* Exercise directions: In the records below, find the line containing "Custom Stuffed Plush", then copy that line and all lines after it, exactly, omitting every picture.

Pictures with short captions
*** Block opens ***

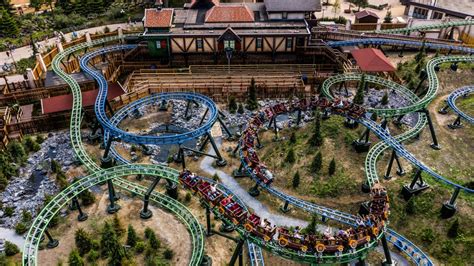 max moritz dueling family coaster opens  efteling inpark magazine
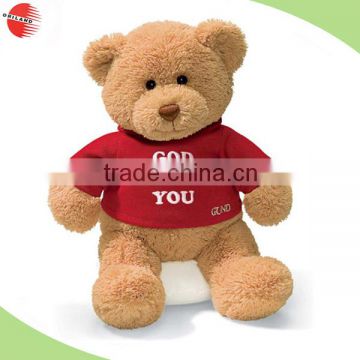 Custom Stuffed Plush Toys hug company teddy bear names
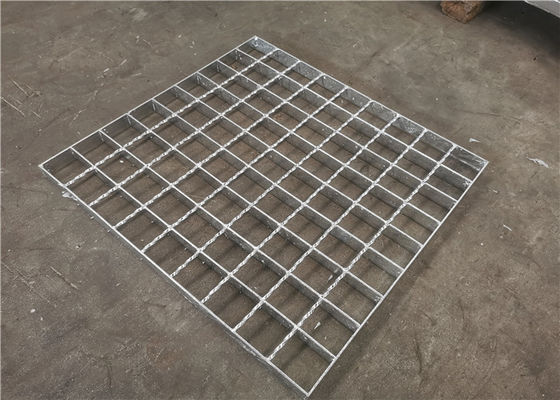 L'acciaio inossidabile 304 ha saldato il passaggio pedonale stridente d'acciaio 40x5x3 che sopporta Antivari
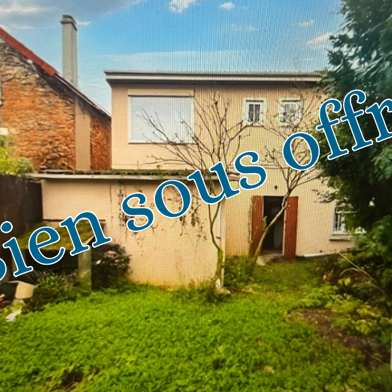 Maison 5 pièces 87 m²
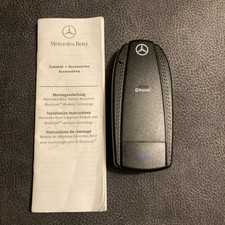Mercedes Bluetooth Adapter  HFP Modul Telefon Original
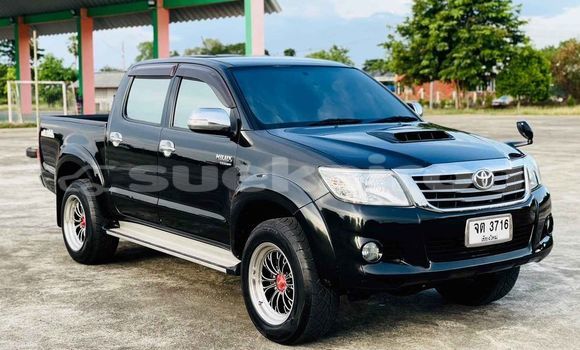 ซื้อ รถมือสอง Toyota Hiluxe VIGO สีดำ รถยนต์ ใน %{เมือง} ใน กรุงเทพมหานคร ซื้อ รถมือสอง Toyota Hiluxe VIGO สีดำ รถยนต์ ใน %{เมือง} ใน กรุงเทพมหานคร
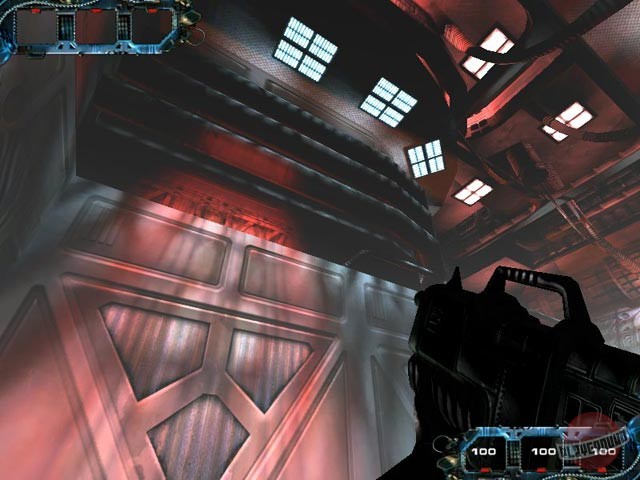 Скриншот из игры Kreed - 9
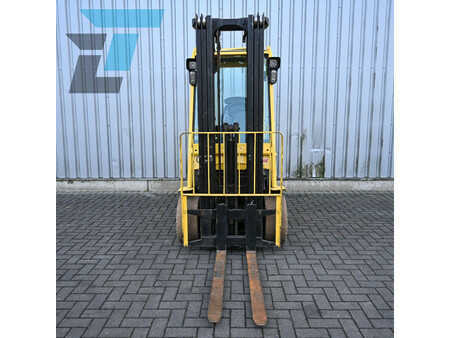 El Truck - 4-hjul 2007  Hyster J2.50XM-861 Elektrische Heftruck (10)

*** Block closes ***

* The completed task:
 Custom Stuffed Plush Toys hug company teddy bear names
 L'acciaio inossidabile 304 ha saldato il passaggio pedonale stridente d'acciaio 40x5x3 che sopporta Antivari
 Maison 5 pièces 87 m²
Mercedes Bluetooth Adapter  HFP Modul Telefon Original
 ซื้อ รถมือสอง Toyota Hiluxe VIGO สีดำ รถยนต์ ใน %{เมือง} ใน กรุงเทพมหานคร ซื้อ รถมือสอง Toyota Hiluxe VIGO สีดำ รถยนต์ ใน %{เมือง} ใน กรุงเทพมหานคร
 Скриншот из игры Kreed - 9
 El Truck - 4-hjul 2007  Hyster J2.50XM-861 Elektrische Heftruck (10)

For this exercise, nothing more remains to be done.